* **PROBLEM DETAILS**
Copy out every line holding the string "Used" from the records below.

(Excerpts from a dataset)
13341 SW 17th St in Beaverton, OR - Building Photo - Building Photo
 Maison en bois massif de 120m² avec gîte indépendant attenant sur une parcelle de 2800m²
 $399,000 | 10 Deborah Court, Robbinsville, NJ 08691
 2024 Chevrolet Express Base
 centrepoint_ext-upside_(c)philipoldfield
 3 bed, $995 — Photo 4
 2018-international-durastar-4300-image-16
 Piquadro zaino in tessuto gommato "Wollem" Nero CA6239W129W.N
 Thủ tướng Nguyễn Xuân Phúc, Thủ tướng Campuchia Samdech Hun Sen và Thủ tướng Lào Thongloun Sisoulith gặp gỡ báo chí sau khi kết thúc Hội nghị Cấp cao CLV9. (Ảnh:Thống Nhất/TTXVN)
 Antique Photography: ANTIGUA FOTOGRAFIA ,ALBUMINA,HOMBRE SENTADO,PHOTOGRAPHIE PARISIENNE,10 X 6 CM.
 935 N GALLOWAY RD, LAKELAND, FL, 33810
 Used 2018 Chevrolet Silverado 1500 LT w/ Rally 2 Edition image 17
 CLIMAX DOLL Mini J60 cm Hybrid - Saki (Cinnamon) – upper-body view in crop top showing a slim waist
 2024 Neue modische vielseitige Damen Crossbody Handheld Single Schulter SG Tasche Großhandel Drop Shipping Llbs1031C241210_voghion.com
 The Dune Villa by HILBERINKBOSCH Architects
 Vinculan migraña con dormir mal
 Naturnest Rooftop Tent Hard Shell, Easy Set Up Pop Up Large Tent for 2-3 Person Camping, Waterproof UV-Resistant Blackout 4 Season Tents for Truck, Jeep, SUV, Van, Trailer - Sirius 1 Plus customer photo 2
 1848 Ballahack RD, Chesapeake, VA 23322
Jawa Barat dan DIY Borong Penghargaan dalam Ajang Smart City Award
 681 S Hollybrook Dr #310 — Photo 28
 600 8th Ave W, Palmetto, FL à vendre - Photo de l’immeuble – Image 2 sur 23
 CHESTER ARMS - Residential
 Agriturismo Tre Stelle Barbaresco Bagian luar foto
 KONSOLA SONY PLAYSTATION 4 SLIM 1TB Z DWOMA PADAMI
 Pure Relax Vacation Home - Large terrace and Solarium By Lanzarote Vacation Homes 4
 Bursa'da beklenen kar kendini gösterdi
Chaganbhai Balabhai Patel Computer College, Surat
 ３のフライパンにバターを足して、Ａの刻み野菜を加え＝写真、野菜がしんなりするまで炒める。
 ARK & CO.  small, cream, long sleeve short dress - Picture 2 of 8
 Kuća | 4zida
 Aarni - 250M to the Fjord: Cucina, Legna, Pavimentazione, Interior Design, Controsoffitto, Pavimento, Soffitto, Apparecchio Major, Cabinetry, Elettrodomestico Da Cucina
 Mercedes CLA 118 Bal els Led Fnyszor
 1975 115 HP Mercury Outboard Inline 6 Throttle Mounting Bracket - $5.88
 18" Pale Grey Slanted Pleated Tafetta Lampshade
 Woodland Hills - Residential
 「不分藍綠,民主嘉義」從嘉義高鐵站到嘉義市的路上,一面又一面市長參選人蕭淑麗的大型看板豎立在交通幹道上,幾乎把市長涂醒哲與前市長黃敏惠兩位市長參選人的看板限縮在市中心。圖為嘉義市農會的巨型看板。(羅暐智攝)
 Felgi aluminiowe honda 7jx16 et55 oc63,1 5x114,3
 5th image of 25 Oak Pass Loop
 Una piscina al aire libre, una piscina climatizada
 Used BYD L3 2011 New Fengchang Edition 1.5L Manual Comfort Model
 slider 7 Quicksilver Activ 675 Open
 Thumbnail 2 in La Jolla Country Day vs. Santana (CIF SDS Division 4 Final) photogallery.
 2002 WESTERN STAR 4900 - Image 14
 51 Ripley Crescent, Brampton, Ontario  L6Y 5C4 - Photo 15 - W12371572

* **RESULT OF THE TASK**
 Used 2018 Chevrolet Silverado 1500 LT w/ Rally 2 Edition image 17
 Used BYD L3 2011 New Fengchang Edition 1.5L Manual Comfort Model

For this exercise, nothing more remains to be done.